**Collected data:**
##############################

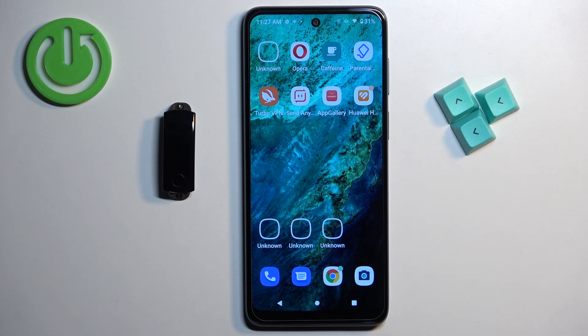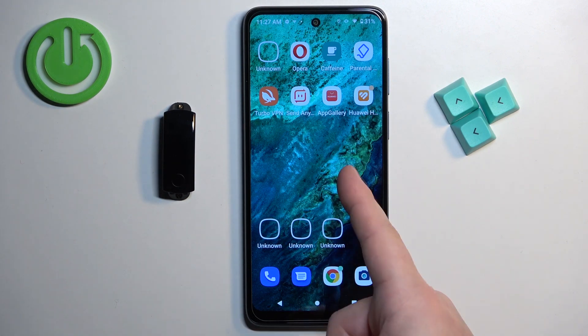Welcome. In front of me I have Honor Band 3 and I'm going to show you how to factory reset this smartband by using the phone application.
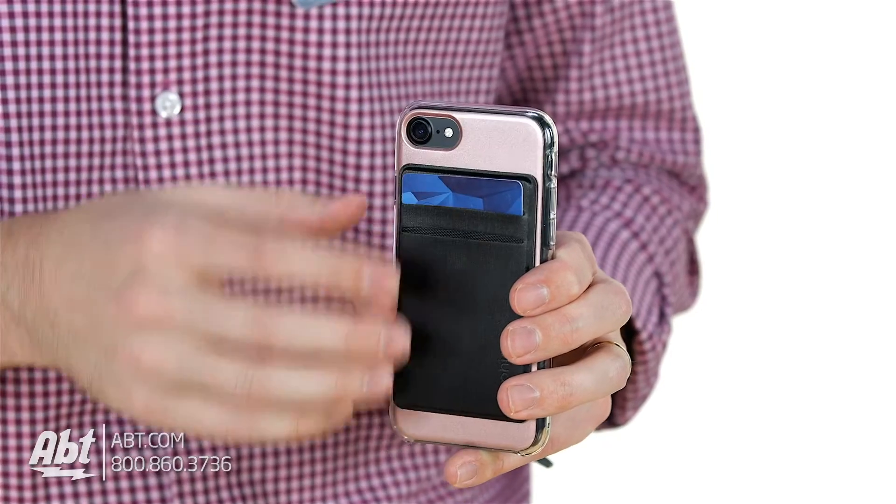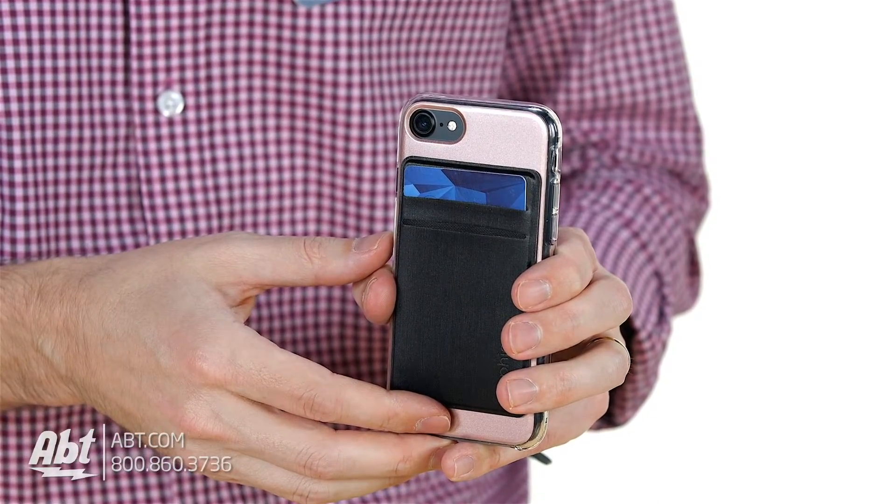You get a couple of pockets here, so if you're going out and you don't want to bring your whole wallet with you, you can throw your ID in there, throw a credit card in there, and you're good to go. Throw the phone in your pocket so it's not taking up a bunch of extra room.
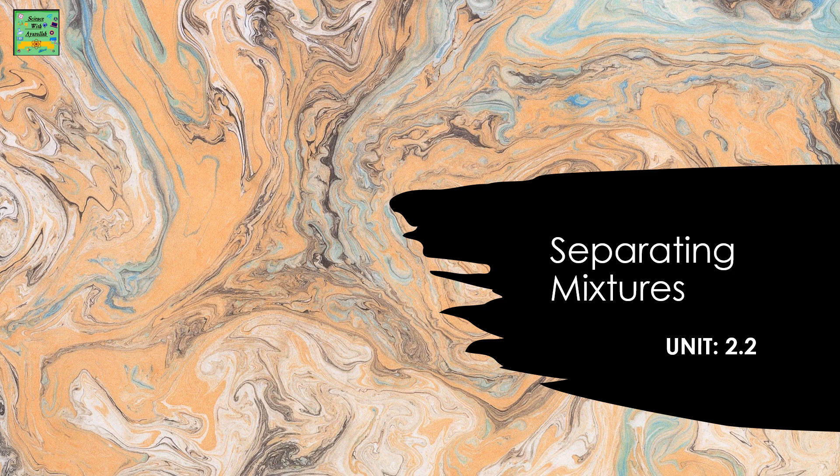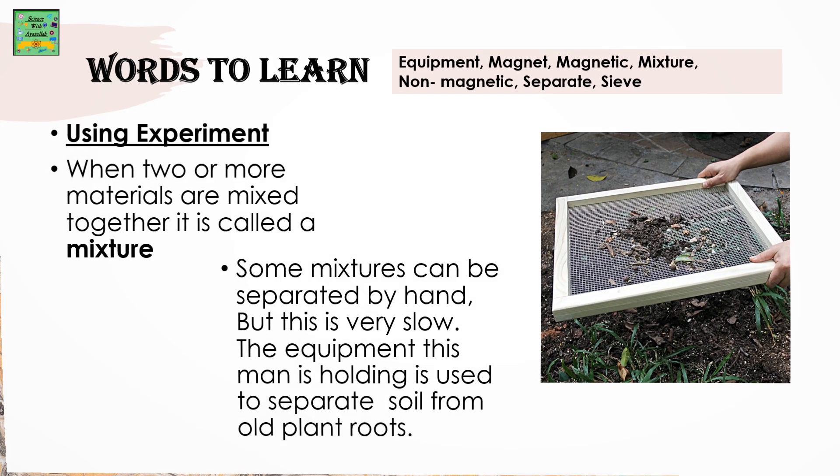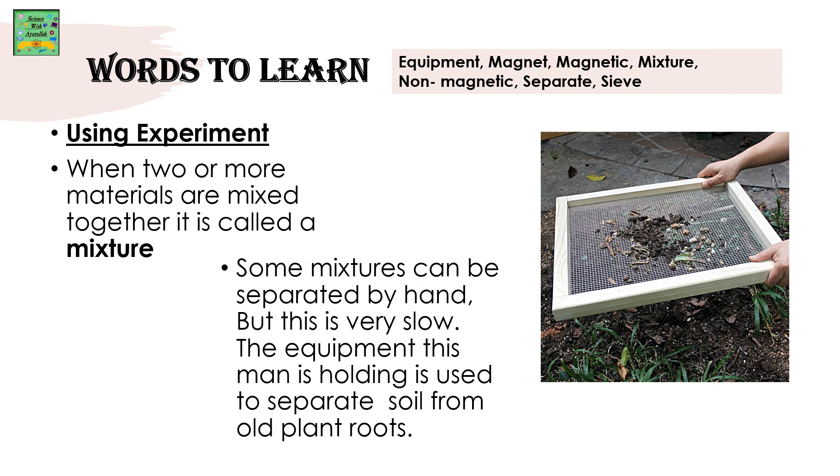Separating Mixtures, Unit 2.2. Words to Learn: Using Experiment. When two or more materials are mixed together, it's called a mixture.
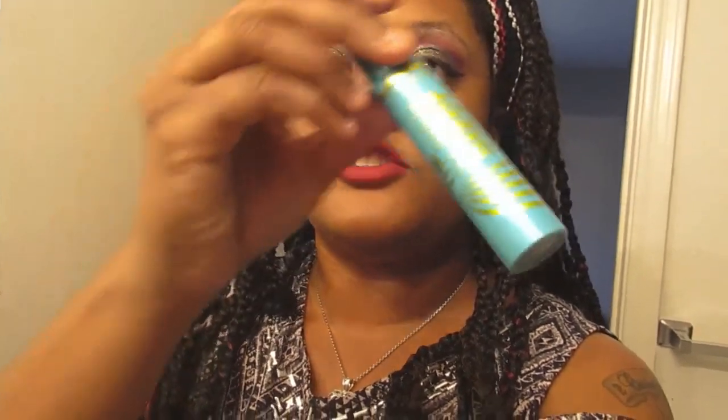Next time I do my makeup, I'll do a full tutorial. I do not wear fake eyelashes at all, but the only thing I do have to put on is some mascara. It's Covergirl Super Saiyan Mascara. So I'll show you guys the finished look here in one sec.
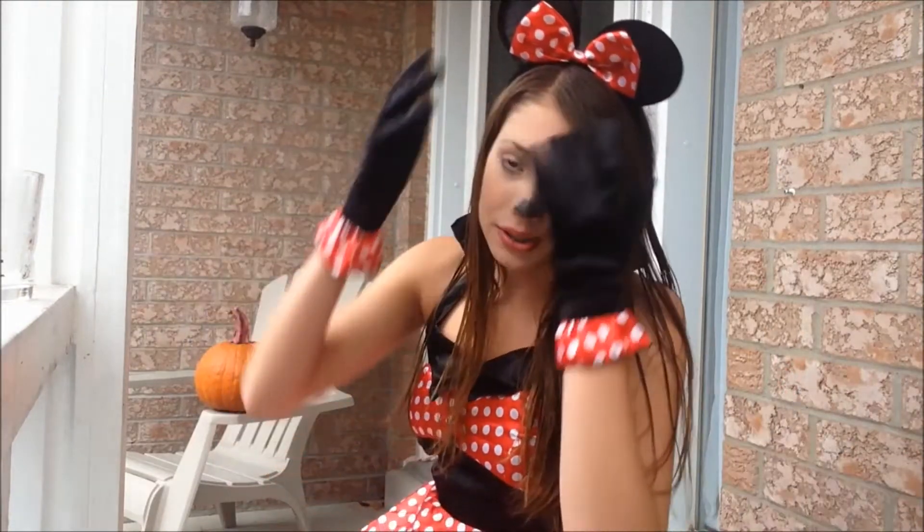Hey guys, so if you can't tell, I am dressed up and don't look like myself today. This is my first Halloween video in my Halloween series, so I'm doing a mini Minnie Mouse look. I already have the costume, so I just wanted to do the makeup.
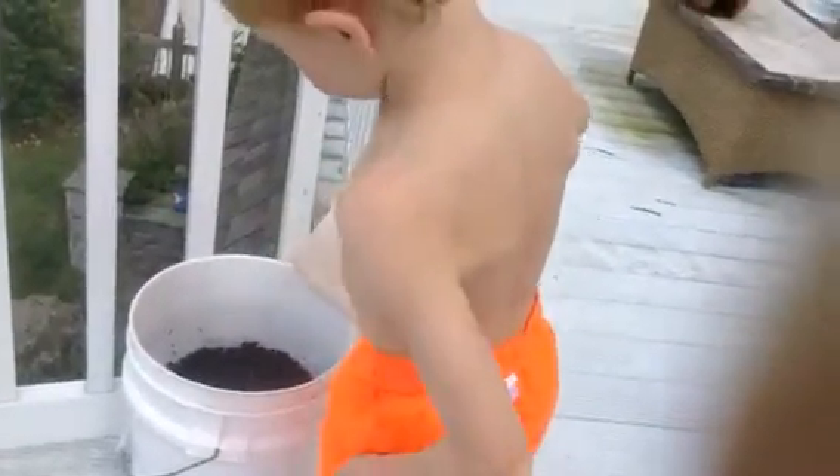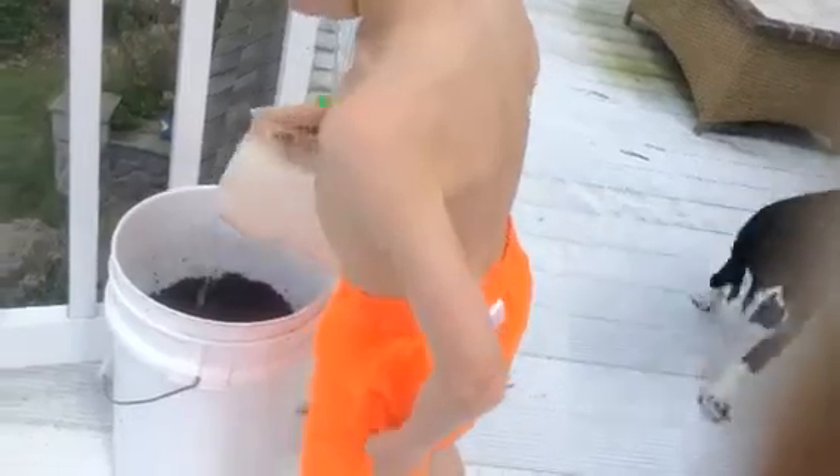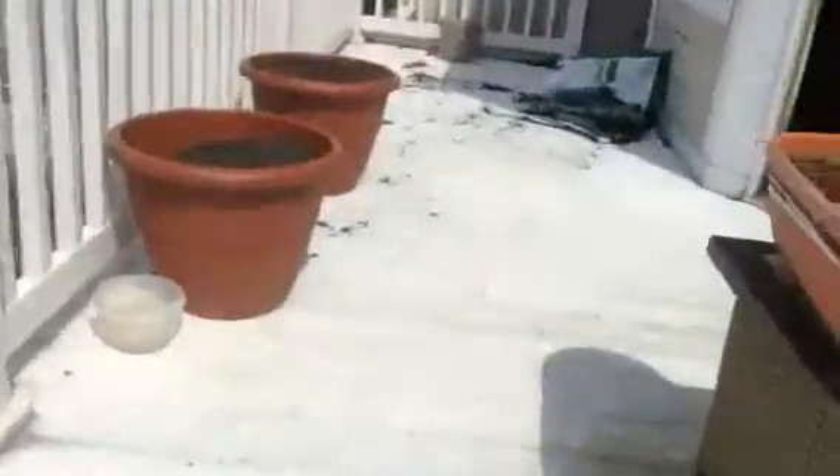And this is container gardening. Do you want me to do the whole thing? Yeah, might as well. Water thoroughly. And that is what we're going to see turn into cucumbers and watermelons and pumpkins climbing.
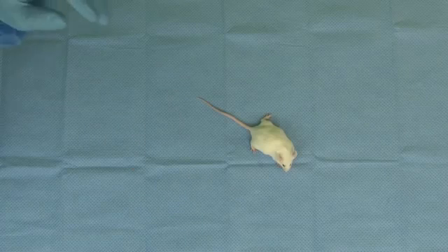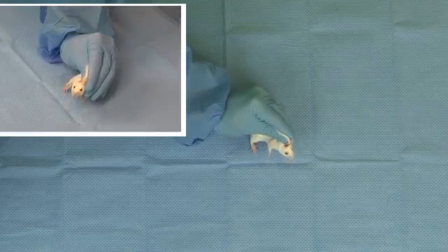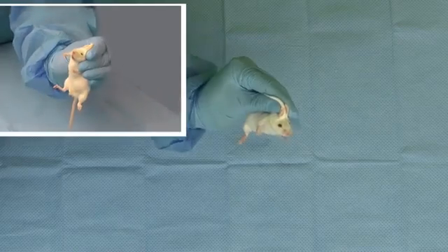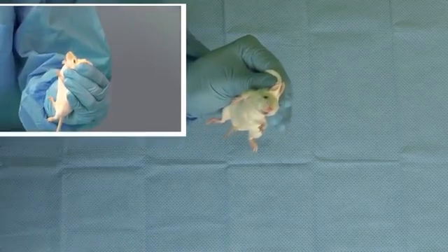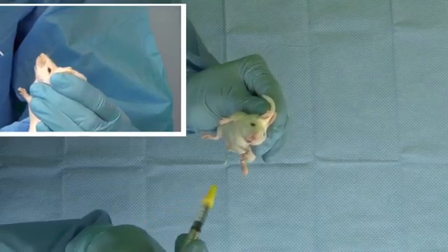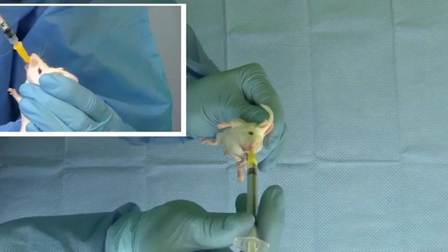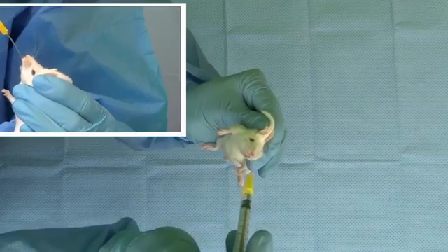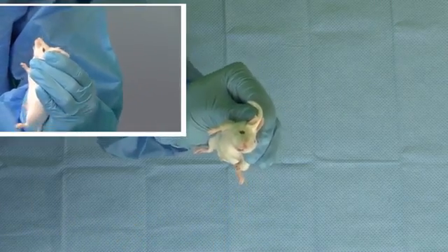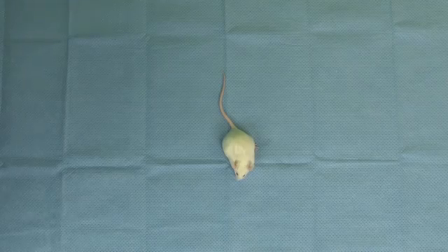Now let's look at the actual dosing procedure. The feeding tube should be inserted into the mouth to the right or left of midline. Entering from the side will reduce the chance that the mouse will bite the tube. Little to no resistance should be encountered, as resistance can be an indicator that the tube has entered the trachea. Administration should stop immediately if fluid is noted bubbling from the nose, as this is an indicator of aspiration.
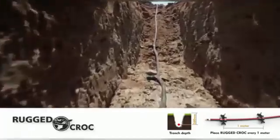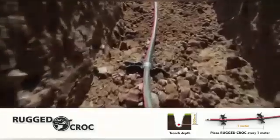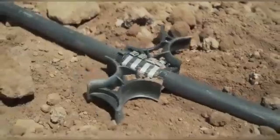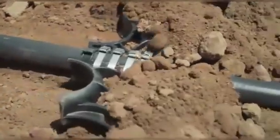Once the Rugged Croc is assembled on the cable at 1 meter intervals, the cable is buried in a 500 mm deep trench. The Rugged Croc is specially designed to secure the cable and prevent it from moving in its underground position.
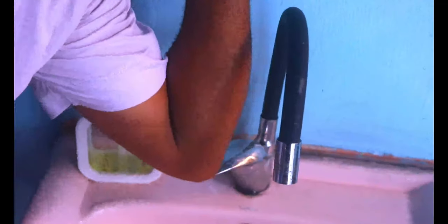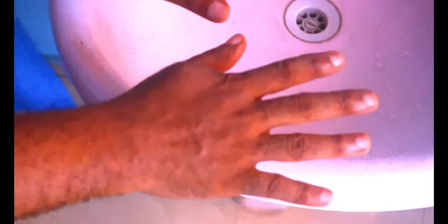Step 10: Dry hands with a clean towel, a single-use towel, or a hand dryer. Finally, turn off the faucet without touching it with your hands. Your hands are now safe.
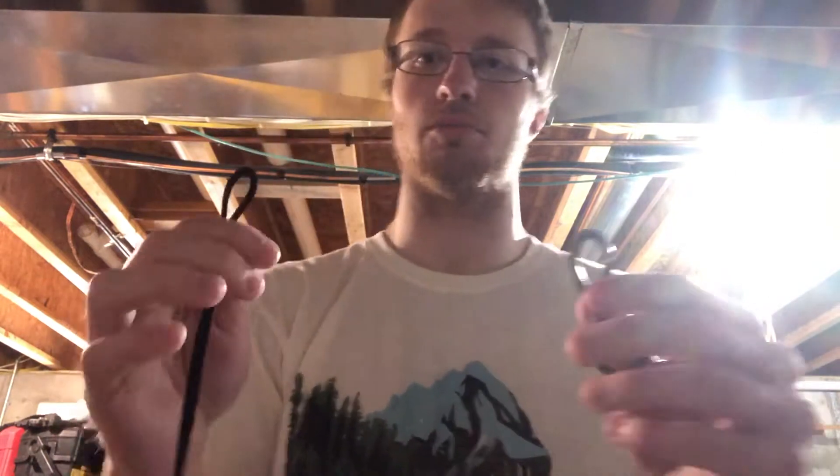Hi guys, Shane here from the Reddick Public Library. Hope everyone's doing well. Today I'm going to show you guys how to tie a polymer knot. This is a really good fishing knot for braided line — it can only really be used on braided line.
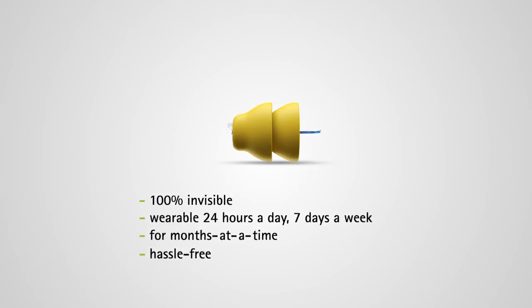From the very beginning, Lyric has been a unique concept. The team had a clear mission in mind: to meet the needs of people with hearing loss that haven't been addressed by existing hearing instruments in the market. We felt the only way that could be appropriately done would be to build a device small enough to place near the eardrum.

##############################

**Exercise objective:** Using the records above, return word for word the lines that begin at the one containing "Step 10: Dry" and end at the one containing "Hi guys, Shane", both of them included and no pictures.

**Worked solution:**
Step 10: Dry hands with a clean towel, a single-use towel, or a hand dryer. Finally, turn off the faucet without touching it with your hands. Your hands are now safe.
Hi guys, Shane here from the Reddick Public Library. Hope everyone's doing well. Today I'm going to show you guys how to tie a polymer knot. This is a really good fishing knot for braided line — it can only really be used on braided line.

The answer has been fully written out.